License the Data

Words, links, meaning. License what you need.

400K
Words
400K
Definitions
~40M
Connections

Ship word data that works offline, loads fast, and fits in your app bundle. We built Linguabase for our own games—In Other Words (launched 2025) and OtherWordly (coming soon)—so every layer is optimized for mobile deployment: clean formats, no server round-trips required, and sizes you can actually ship. (Need pre-generated puzzles instead of raw data? See Puzzle Licensing.)

Layer What It Contains Scale Size
1 Vocabulary Validated words with difficulty scores—from everyday vocabulary to crossword-worthy rarities. Filter by obscurity, include or exclude proper nouns. 400K–1.5M words 4 MB
2 Definitions Readable 2–3 sentence paragraphs in flowing sentences covering all meanings naturally. Coverage for nearly all vocabulary 97 MB
3 Content Filters Hard block (offensive) + soft block (suggestive) word lists for content control. ~6K terms 56 KB
4 Word Associations ~40 related words per entry, weighted by connection strength. Includes sense-level pools organized by meaning. ~40M connections, scales with vocabulary 64–240 MB
5 Word Families Morphological + etymological groupings (elephant → elephants, elephantine). Coverage for nearly all vocabulary 22 MB
6 Usage Examples Illustrative quotations—common words from literature, uncommon words from Wikipedia and open-access sources. 1.46M quotes 260 MB

Sizes shown are what we ship in-bundle for our own apps—compressed and with DRM applied. Many tables use 3-byte word IDs instead of strings, which keeps file sizes small while preserving fast lookups.

Ready to Integrate

Embed as files, query via API, or get custom exports. For game studios that want turnkey content, we also offer ready-made puzzle data built on these layers.

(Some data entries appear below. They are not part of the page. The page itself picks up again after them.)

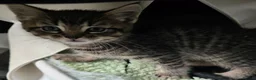 Mixed Breed cats for sale: 4 kittens - Advert 4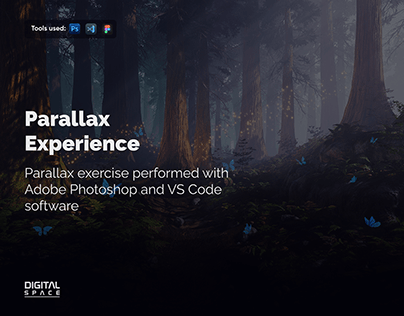 Parallax Experience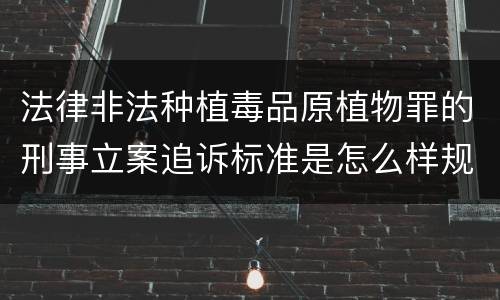 法律非法种植毒品原植物罪的刑事立案追诉标准是怎么样规定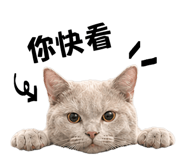 842388408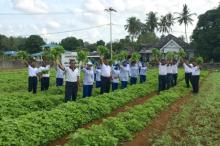 Penuhi Kebutuhan Sayur di Singkep, Lanal Dabo Panen Bayam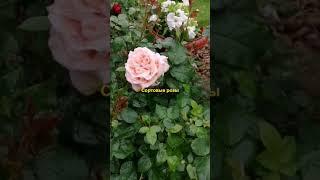 Сортовые розы в моем саду! Июнь!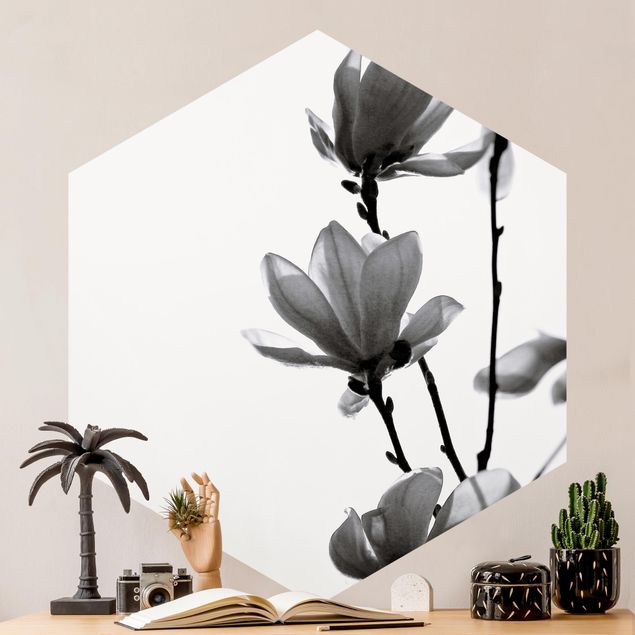 Wallpapers flower Herald Of Spring Magnolia Black And White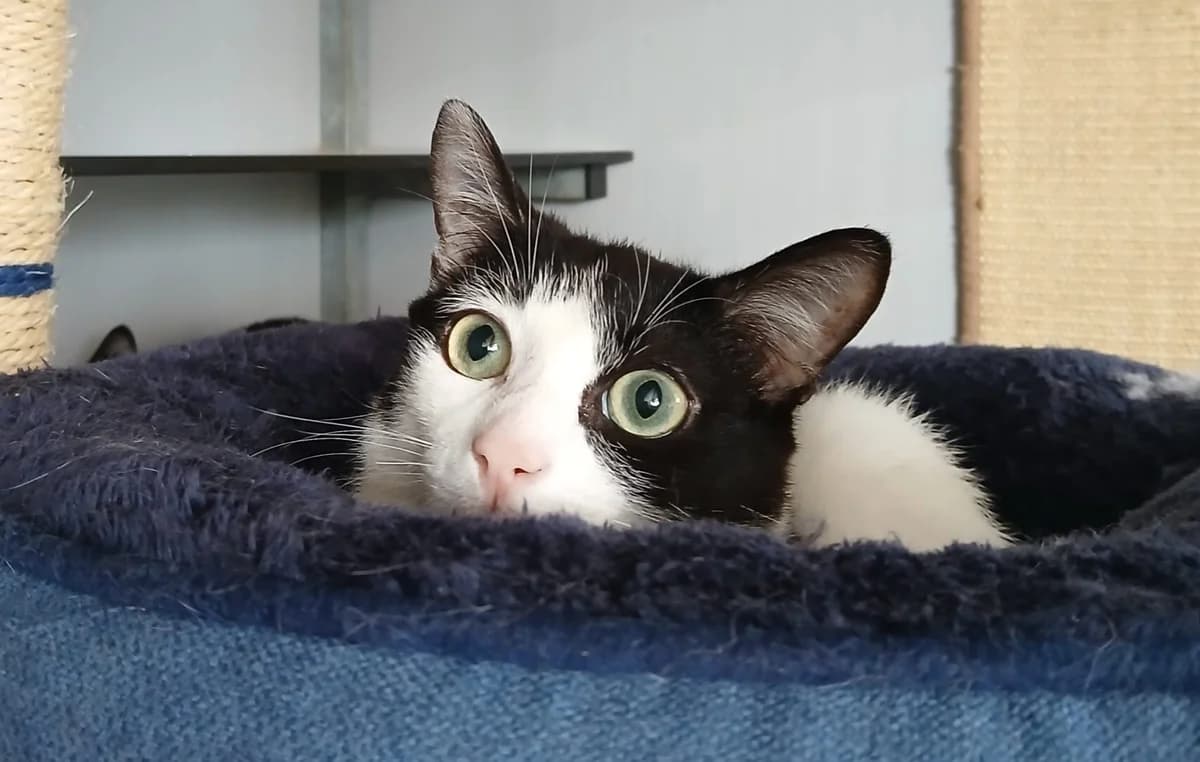 Ronnie & reggie, male Mixed Breed for adoption at Abrazo Animal, Madrid — photo 4 of 5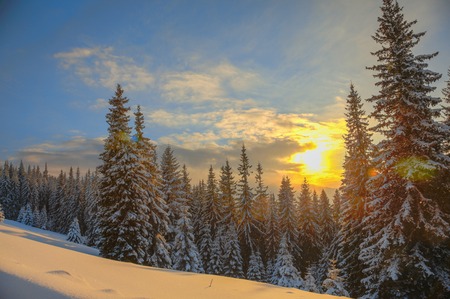 Winter landscape on a sunset. Mountains Carpathians, Ukraineの写真素材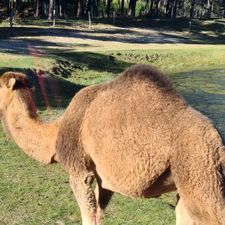 Safaripark Beekse Bergen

Vocabulary Size: Your Choice

There’s no precise count for “words in English”—variations, compounds, and proper nouns blur every boundary. And ranking words by “importance” is surprisingly hard: pure frequency metrics rank “the” highest while missing that “red panda” is widely understood.

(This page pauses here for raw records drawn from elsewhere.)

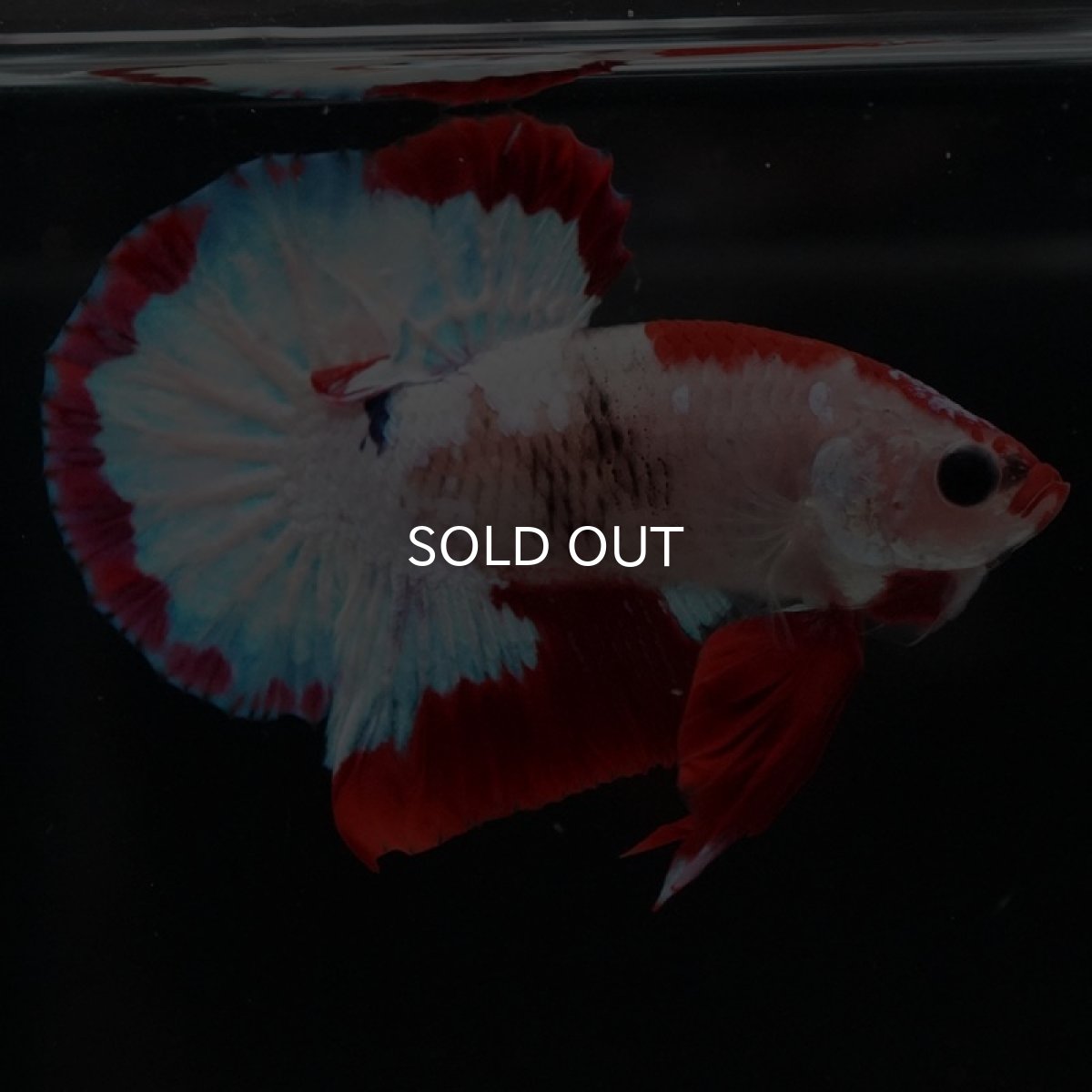 画像2: HMPK　ファンシーレッド (2)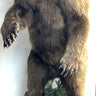 6 1/2 Foot Standing Grizzly Bear w/ Base image 0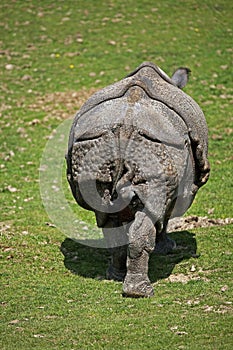 INDIAN RHINOCEROS rhinoceros unicornis, BACK VIEW OF A FEMALE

The Linguabase word ranking is an effective proxy for what words are known to a broad user base, including English language learners. The highest ranks align with vocabulary standards like the Oxford 3000 and CEFR levels—but enhanced with common derivatives (both “actor” and “actors”). From there it extends through specialized jargon down to noise.

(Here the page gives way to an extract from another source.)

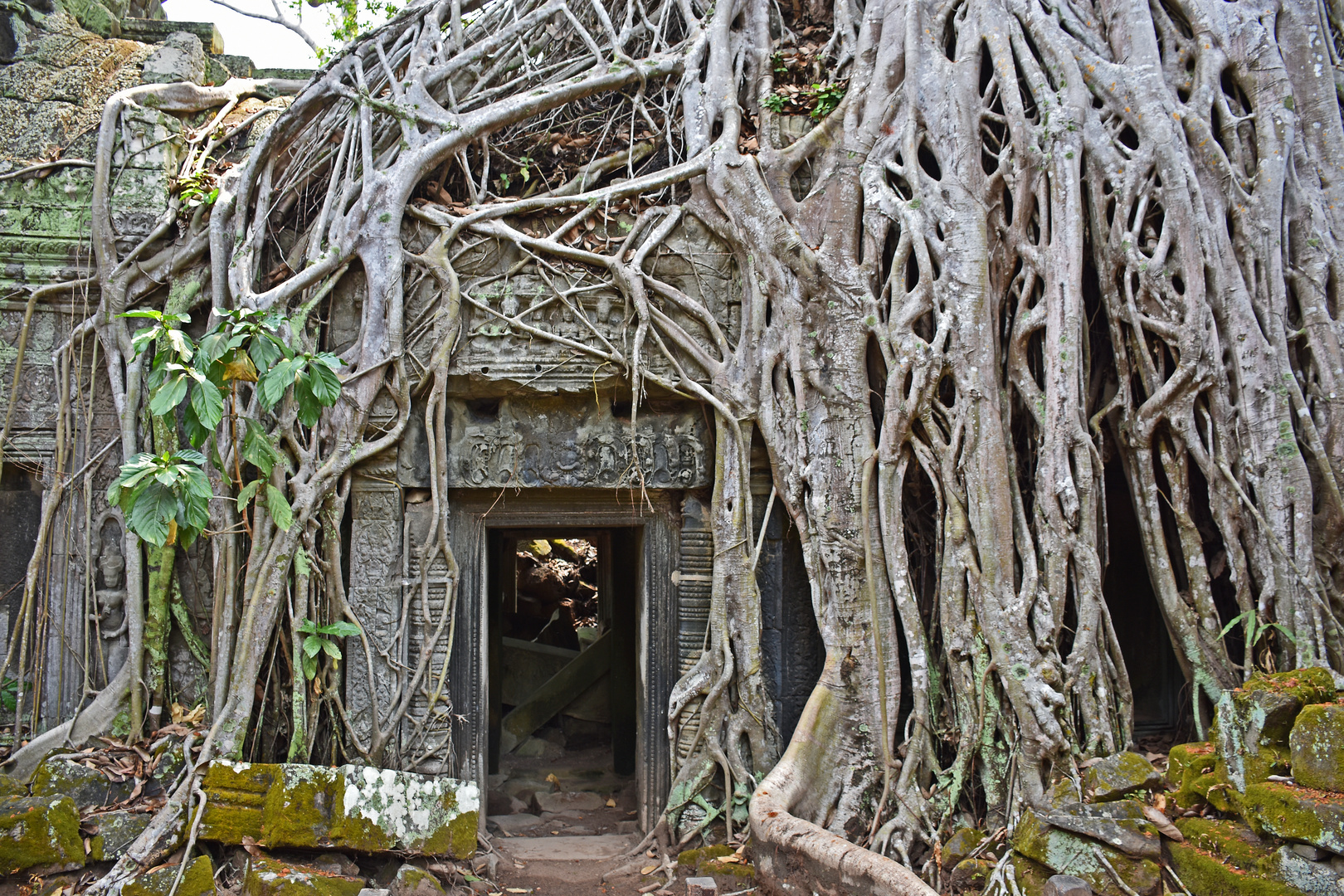 Ta Prohm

Our recommendation: 400K words. This covers every plausible word a user would want to interact with or see in a game. But we deliver à la carte:

Vocabulary Use Case Sample Words at Threshold
~100K Abridged dictionary scope conspecific, impeccability, shalwar
~400K (recommended) Full production coverage carboxylesterase, soft butch, naval strategies
~600K Inclusive with more noise divinas, benefactor’s, rock n’ roll
1.5M Research/completeness selenocysteines, straticulate, clobenpropit

The ranking includes commonly known proper nouns (Paris, Einstein, Toyota). If your application requires a no-proper-noun rule—like classic Scrabble—we can filter accordingly.

Sample Data Format

Vocabulary (words with difficulty scores):

Word Rank Tier
elephant 4,523 common
pachyderm 89,234 educated
Elephas 312,456 technical

Word Associations:

Headword Target Weight
elephant trunk 5.0
elephant pachyderm 5.0
elephant mammoth 4.2
elephant savanna 3.8
elephant Ganesh 2.1
elephant memory 1.8
elephant Republican 0.9

Sense Clouds—associations grouped by meaning:

Word Sense Related Terms
cloud weather sky, rain, cumulus, nimbus, overcast, storm…
cloud computing server, upload, storage, streaming, AWS…
cloud figurative vague, obscure, nebulous, hazy, uncertain…

Actual schema varies by delivery format. We’ll work with you on integration.

What You Can Build

Or skip building entirely—we can generate production-ready puzzle data for your game mechanics directly.

Delivery Options

Format Best For
TSV files Embedding in apps, offline use, full control
SQLite database Local querying, mobile apps, simple integration
JSON export Web applications, JavaScript environments
API access Server-side integration, real-time queries (optional add-on)
Custom format Whatever your stack needs—we’re flexible

Typical Questions

Can I see sample data before licensing?

Yes. Contact us and we’ll send evaluation samples for your specific use case.

What about updates?

Linguabase is actively maintained—new vocabulary is added as words enter mainstream usage, connection weights are refined, and ongoing auditing catches edge cases. License includes current data with update arrangements available.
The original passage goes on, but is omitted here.